For each line below that contains the string "Video", copy that line.

[Brief descriptive captions]
============================================================
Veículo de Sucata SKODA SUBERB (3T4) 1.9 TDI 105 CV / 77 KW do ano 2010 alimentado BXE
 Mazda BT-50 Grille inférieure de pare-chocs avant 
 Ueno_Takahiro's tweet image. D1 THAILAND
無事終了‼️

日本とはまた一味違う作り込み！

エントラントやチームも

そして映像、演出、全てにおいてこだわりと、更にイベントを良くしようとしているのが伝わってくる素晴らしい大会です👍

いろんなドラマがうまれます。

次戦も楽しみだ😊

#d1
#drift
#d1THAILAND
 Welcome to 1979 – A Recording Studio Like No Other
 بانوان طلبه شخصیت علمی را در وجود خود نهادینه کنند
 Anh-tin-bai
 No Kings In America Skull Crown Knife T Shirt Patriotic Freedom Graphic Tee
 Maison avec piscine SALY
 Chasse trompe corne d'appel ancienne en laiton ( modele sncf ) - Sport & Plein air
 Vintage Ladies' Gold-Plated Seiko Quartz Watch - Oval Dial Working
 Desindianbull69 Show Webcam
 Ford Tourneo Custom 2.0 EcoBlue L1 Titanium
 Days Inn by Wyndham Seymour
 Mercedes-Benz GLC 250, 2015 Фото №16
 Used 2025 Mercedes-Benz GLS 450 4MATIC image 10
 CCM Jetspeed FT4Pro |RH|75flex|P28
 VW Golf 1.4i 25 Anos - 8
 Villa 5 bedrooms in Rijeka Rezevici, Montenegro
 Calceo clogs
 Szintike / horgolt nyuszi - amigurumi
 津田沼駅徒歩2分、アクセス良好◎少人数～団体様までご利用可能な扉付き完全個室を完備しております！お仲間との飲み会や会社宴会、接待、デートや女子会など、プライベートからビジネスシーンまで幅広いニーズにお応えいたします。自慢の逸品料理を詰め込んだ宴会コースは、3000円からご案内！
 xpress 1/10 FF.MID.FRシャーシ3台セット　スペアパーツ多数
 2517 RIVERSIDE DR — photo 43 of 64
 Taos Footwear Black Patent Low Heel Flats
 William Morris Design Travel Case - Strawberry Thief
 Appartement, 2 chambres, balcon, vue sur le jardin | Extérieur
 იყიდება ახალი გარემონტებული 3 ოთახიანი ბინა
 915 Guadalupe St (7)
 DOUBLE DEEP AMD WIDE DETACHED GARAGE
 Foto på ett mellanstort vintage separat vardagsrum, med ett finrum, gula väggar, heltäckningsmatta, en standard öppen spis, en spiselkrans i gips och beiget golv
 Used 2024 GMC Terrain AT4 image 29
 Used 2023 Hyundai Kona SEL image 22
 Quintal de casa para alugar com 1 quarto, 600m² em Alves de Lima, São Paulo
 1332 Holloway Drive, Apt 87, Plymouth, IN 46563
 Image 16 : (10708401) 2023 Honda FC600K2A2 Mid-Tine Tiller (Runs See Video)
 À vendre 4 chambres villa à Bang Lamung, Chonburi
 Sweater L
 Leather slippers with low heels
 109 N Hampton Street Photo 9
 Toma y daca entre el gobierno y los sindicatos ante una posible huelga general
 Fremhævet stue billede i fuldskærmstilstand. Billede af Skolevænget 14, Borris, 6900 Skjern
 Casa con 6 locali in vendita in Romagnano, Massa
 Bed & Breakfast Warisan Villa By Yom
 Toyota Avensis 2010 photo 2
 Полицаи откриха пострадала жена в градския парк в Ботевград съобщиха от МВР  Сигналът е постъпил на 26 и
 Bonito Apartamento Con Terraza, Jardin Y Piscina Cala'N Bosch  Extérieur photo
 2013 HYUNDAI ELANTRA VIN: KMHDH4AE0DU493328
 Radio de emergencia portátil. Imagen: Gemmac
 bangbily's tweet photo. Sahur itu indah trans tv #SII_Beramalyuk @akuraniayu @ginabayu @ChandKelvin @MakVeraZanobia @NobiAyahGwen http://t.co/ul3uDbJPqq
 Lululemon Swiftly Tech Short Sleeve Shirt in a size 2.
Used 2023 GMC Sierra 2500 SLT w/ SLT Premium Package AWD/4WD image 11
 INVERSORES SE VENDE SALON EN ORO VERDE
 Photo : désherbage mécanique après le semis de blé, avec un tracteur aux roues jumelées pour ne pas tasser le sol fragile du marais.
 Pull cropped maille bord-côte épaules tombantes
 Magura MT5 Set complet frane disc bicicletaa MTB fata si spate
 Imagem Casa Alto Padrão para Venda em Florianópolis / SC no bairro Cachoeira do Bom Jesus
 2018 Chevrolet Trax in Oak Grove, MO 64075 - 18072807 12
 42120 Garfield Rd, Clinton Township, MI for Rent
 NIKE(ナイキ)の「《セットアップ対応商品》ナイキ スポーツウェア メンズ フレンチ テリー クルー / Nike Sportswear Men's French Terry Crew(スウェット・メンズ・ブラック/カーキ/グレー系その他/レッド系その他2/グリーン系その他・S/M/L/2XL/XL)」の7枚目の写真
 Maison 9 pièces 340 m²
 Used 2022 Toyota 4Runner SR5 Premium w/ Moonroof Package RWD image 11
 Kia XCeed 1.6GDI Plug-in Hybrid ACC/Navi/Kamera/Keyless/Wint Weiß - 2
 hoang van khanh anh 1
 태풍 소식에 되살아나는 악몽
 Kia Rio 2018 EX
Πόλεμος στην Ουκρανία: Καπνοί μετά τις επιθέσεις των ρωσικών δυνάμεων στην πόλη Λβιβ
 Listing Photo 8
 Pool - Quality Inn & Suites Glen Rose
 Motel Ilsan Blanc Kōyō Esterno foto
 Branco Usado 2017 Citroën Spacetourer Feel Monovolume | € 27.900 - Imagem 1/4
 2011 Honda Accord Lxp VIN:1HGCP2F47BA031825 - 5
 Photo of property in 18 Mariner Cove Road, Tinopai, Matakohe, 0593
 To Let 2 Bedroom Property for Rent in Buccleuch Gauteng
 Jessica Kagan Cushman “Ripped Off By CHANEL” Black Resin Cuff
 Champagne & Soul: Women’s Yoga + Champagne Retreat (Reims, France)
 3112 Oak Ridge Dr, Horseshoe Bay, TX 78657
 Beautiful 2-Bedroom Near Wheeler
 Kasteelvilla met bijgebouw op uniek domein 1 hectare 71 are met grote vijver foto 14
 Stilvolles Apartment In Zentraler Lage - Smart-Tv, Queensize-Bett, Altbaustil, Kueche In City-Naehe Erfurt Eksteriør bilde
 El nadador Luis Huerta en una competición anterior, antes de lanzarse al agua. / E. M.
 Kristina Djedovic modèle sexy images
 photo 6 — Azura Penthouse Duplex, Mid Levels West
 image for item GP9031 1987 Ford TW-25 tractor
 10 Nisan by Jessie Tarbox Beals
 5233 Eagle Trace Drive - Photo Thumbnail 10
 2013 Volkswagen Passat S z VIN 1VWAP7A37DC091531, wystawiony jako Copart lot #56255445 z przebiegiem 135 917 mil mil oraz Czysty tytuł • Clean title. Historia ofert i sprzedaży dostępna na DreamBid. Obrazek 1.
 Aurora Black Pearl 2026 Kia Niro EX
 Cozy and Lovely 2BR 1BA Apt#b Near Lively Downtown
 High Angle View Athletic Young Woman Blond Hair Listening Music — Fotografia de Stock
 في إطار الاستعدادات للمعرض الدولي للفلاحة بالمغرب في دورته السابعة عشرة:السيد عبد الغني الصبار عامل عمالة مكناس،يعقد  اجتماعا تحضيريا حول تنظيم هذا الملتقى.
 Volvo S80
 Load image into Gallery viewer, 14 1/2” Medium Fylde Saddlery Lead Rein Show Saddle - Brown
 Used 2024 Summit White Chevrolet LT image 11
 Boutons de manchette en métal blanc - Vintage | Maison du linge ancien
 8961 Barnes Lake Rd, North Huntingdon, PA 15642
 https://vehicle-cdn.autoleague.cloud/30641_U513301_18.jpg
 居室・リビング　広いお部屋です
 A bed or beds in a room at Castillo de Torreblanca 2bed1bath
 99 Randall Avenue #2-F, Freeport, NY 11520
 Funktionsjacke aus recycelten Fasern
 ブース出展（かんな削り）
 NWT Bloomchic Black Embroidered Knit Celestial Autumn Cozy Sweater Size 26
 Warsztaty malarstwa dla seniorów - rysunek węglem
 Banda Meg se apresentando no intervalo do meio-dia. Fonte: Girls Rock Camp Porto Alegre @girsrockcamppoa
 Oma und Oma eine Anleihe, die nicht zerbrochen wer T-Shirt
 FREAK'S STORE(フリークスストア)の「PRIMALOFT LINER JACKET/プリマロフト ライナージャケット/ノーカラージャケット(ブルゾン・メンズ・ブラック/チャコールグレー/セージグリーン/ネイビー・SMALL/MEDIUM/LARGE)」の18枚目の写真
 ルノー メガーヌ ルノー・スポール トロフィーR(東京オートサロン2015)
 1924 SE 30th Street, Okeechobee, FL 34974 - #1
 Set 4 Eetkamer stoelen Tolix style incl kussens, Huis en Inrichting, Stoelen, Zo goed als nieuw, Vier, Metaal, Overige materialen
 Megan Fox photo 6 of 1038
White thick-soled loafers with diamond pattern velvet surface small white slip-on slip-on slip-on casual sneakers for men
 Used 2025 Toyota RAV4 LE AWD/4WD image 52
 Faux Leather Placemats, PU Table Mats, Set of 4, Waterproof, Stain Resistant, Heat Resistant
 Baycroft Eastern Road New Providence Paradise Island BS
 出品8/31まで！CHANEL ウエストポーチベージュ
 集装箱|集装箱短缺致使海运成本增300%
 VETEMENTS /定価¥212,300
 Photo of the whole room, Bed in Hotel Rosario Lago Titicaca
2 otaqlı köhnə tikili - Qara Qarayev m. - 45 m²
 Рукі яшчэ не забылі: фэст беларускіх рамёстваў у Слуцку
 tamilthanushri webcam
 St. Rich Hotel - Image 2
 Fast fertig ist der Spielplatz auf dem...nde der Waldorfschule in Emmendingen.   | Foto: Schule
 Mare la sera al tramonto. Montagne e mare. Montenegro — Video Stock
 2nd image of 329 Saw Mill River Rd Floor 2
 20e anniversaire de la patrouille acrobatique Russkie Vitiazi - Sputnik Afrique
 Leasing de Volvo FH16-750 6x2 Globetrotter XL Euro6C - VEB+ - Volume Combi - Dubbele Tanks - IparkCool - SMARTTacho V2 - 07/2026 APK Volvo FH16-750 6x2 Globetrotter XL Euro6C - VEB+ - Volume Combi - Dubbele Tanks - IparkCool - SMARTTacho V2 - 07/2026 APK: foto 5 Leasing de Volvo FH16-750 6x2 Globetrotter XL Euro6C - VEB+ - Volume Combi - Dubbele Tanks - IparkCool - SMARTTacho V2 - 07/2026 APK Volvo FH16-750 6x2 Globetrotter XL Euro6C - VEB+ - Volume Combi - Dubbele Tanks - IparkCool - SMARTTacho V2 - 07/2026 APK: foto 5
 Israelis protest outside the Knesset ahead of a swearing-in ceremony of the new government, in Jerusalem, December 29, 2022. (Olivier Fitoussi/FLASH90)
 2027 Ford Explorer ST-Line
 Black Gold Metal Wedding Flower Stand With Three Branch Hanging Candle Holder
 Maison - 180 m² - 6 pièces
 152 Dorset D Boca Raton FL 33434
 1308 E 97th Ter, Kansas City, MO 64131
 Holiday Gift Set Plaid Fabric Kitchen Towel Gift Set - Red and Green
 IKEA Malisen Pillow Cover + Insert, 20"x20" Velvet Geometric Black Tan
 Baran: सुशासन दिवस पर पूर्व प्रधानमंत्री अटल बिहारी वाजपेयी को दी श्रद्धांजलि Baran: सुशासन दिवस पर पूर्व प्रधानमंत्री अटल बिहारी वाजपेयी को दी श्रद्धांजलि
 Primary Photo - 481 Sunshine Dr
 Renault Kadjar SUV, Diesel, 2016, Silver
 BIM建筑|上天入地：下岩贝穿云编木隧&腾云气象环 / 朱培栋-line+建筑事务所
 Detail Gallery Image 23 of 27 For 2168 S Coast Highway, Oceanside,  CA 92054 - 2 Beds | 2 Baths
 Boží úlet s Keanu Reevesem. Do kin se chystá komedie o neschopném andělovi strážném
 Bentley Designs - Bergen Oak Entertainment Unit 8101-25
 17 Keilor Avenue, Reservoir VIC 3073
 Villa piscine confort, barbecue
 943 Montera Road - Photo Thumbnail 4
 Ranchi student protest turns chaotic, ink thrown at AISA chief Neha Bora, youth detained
============================================================
**Response below**
 Image 16 : (10708401) 2023 Honda FC600K2A2 Mid-Tine Tiller (Runs See Video)
 Mare la sera al tramonto. Montagne e mare. Montenegro — Video Stock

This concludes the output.